La famiglia però non si arrende, forte dell’aiuto fornito dall’Italia. Che con un Consiglio dei ministri lampo il 6 novembre ha conferito alla bimba la cittadinanza italiana per poter agevolare il trasferimento sulla base dell’articolo 9 comma 2 della legge 5 febbraio 1992, n. 91, «in considerazione dell’eccezionale interesse per la comunità nazionale ad assicurare al minore ulteriori sviluppi terapeutici». Un tentativo in extremis per impedire la sospensione dei trattamenti che tenevano in vita la bimba e annullare il verdetto del giudice, che aveva già autorizzato l’ospedale di Nottingham a interrompere le terapie nel pomeriggio del 6 novembre. Per la Corte il sostegno vitale va rimosso “nel migliore interesse del minore”, e va rimosso in ospedale, presso il Queen’s Medical Center di Nottingham, dove la bimba è ricoverata, o in un hospice. Perché sarebbe «quasi impossibile», scrive il giudice, gestire il fine vita a casa senza rischi di complicazioni.

Nel frattempo, prosegue la battaglia legale fra Italia e Gran Bretagna. L’8 novembre il console italiano a Manchester Matteo Corradini emette un provvedimento d’urgenza che riconosce l’autorità dei tribunali italiani in questo caso. Lo stesso console, in qualità di giudice tutelare della bambina, giovedì mattina presenta una richiesta urgente all’Alta Corte del Regno Unito per ottenere la giurisdizione sul caso ai sensi della Convenzione dell’Aia. L’ordine del giudice inglese viene prorogato di ora in ora, fino all’ultimo rinvio strappato dalla famiglia in attesa del verdetto di venerdì scorso. 

Per Indi si erano mobilitate associazioni 'pro life' cristiane in Gran Bretagna e tante altre in Italia, anche Papa Francesco all'Angelus aveva detto di pregare per lei.  Indi, ha denunciato su X il movimento Pro Vita, «è stata uccisa 'nel suo miglior interesse' da un sistema sanitario e legale impregnato di barbara cultura eutanasica, che ha rifiutato anche solo di tentare la differente proposta clinica dell'Ospedale Bambino Gesù di Roma soffocando l'amore dei suoi genitori nelle aule di tribunale».

Meloni: “Abbiamo fatto il possibile”

“Abbiamo fatto tutto quello che potevamo, tutto il possibile.

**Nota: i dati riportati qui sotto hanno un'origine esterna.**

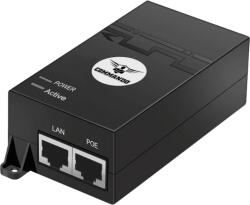 COMMANDO LightningPOWER 10/100/1000Mbps IEEE 802.3at, Max 30W, Active PoE Injector (CMD-POE-30W-AT)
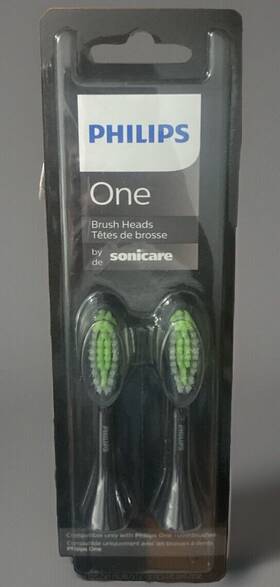 Bh1022 Philips Bh1022/06 One Sonicare 2-pack Electric Toothbrush Heads Replacement Black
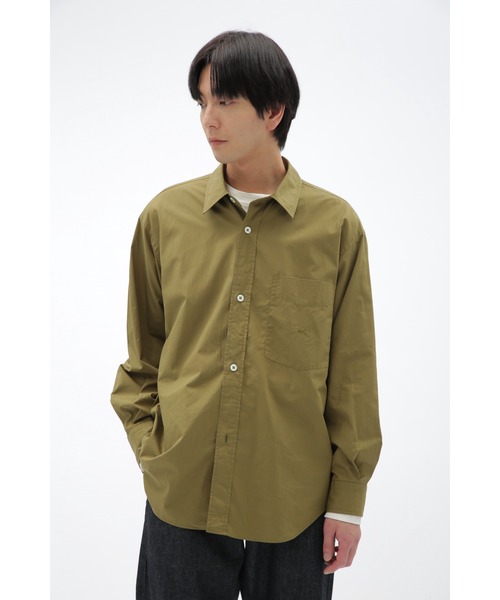 MARGARET HOWELL シャツ FINE COMPACT COTTON POPLIN I メンズ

Purtroppo non è bastato. Buon viaggio piccola Indi”, scrive su X la premier Giorgia Meloni. Dopo aver conferito alla bimba la cittadinanza italiana, la premier aveva chiesto direttamente alla Gran Bretagna il trasferimento della bimba in Italia in base alla Convenzione dell'Aia del 1996 con una lettera indirizzata al Lord Cancelliere e Segretario di Stato per la Giustizia del Regno Unito “al fine di sensibilizzare le autorità giudiziarie” inglesi. Meloni chiedeva di rendere possibile alla piccola “di poter accedere al protocollo sanitario di un ospedale pediatrico del nostro Paese”.

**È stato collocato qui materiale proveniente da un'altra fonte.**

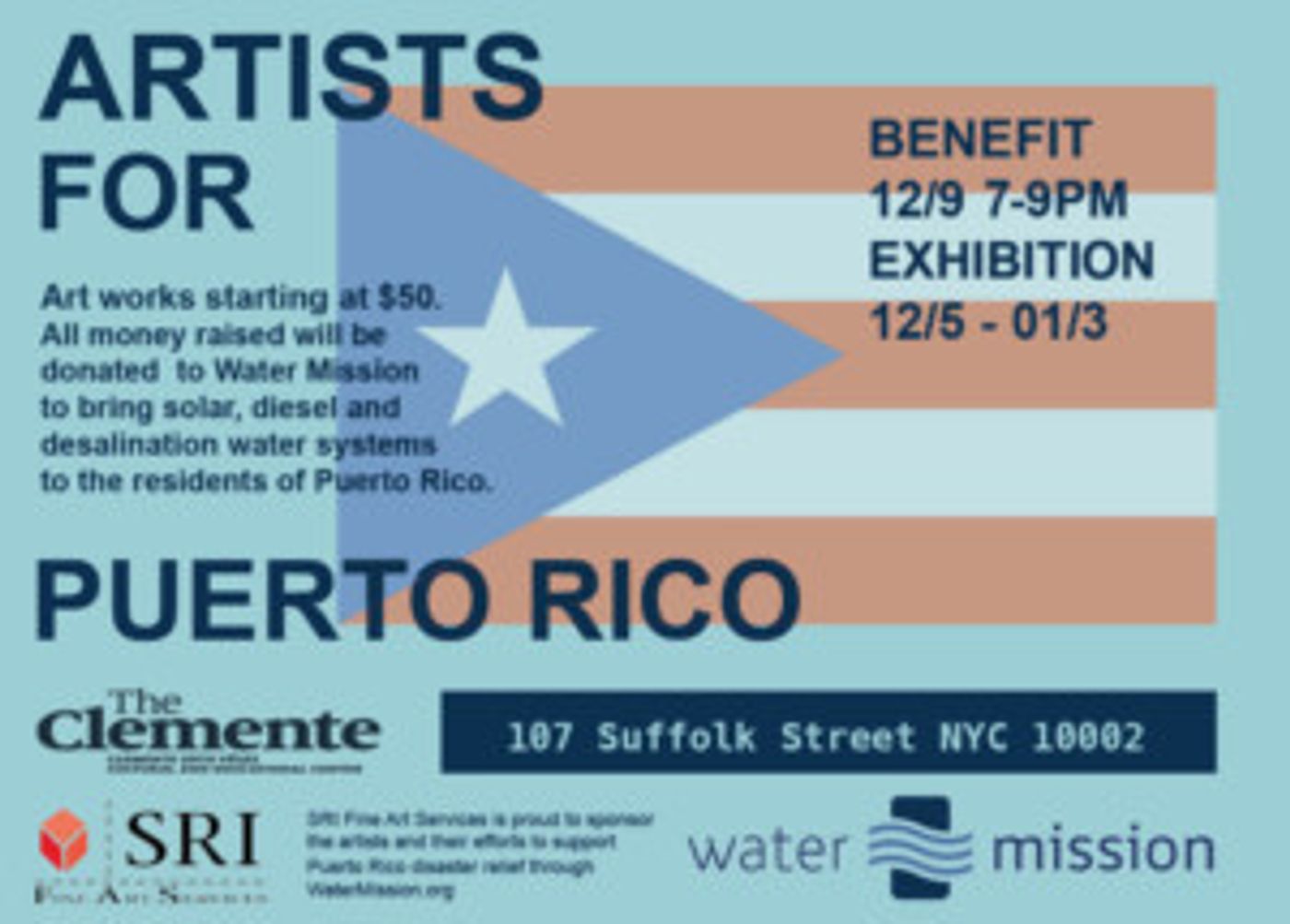ARTISTS FOR PUERTO RICO Benefit Set for The Clemente This December  Image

Pillon: “Il diritto rischia di perdere il buon senso”

“Chi oggi sostiene posizioni eutanasiche in Italia deve essere ben consapevole del fatto che, domani, ci sarà un tribunale o un équipe di medici che decideranno se la tua vita, o quella di tuo figlio, sono degne o non degne di essere vissute. E tutto questo potrebbe accadere contro la volontà dell'individuo, pensiamoci bene, noi che siamo ancora in tempo”, commenta all’Adnkronos Simone Pillon, l’ex senatore leghista che ha seguito la vicenda come legale della famiglia di Indi Gregory in Italia. “Sono distrutto, piango da stanotte”, prosegue Pillon. “Indi ha fatto un miracolo, ci sta facendo comprendere che i valori che noi diamo per scontati in Italia, il valore di sacralità della vita, una volta perduto è perduto per sempre. Cose che per noi sembrano inconcepibili vengono fatte in un Paese che ha una civiltà giuridica millenaria, come quella inglese, perché quando si arriva a livelli troppo sofisticati di diritto, si rischia poi di perdere il buon senso”. L'ex senatore leghista insiste sul fatto che in Italia si dia “per scontato che l'interesse del bambino sia, in primo luogo, quello di essere assistito, di essere tenuto vivo. Ma se lasciamo che siano i burocrati a decidere 'nell'interesse superiore' a quel punto poi tutto è possibile, anche che una bambina sia condannata a morte, come è successo per Indi, nonostante i genitori avessero chiesto tutte le cure del caso e nonostante tutte le cure del caso fossero state offerte”.